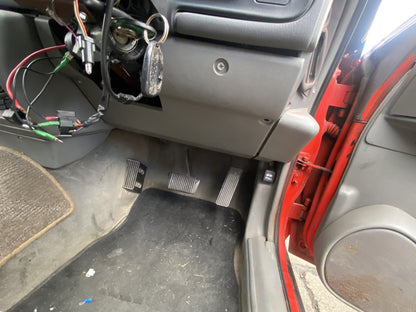 1997 Holden Utility-Dismantling For Parts
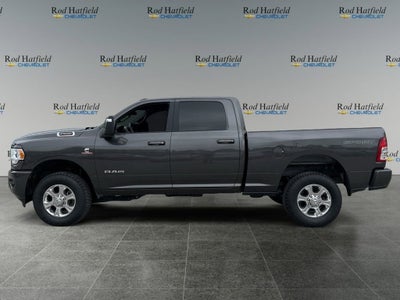 2024 RAM 2500 Big Horn Crew Cab 4x4 6'4" Box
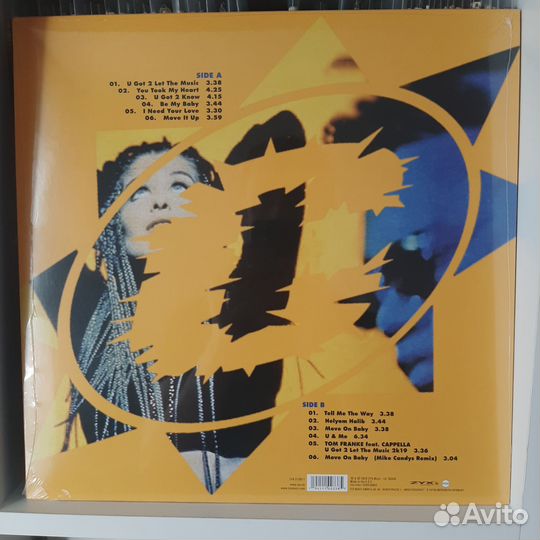 Cappella–Greatest Hits (Germany, 2020)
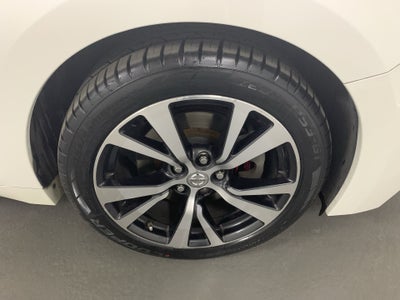 2016 Nissan MAXIMA MAXIMA ADVANCE CVT 3.5 LTS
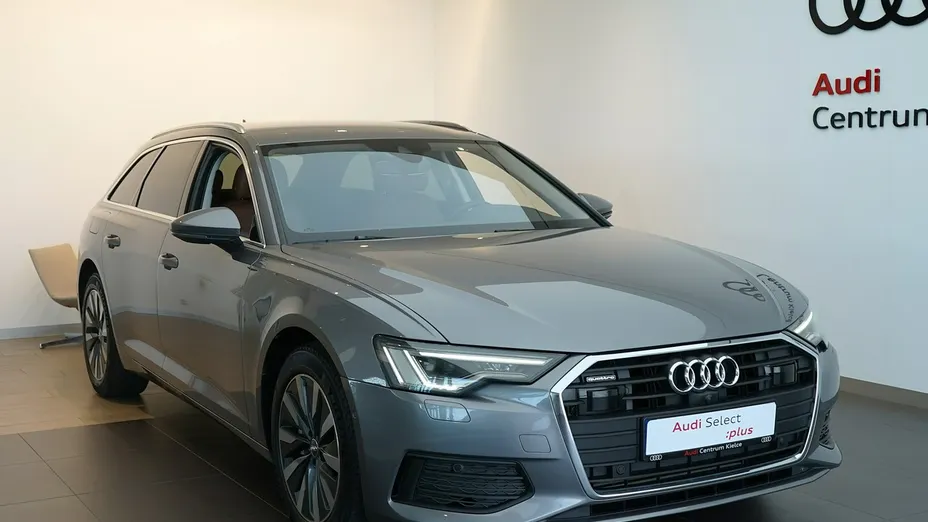 AUDI A6 Avant -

Your goal: With the pictures excluded, transcribe word for word only the lines from the one containing "2016 Nissan MAXIMA" through the last line of the records.

Your solution:
 2016 Nissan MAXIMA MAXIMA ADVANCE CVT 3.5 LTS
 AUDI A6 Avant -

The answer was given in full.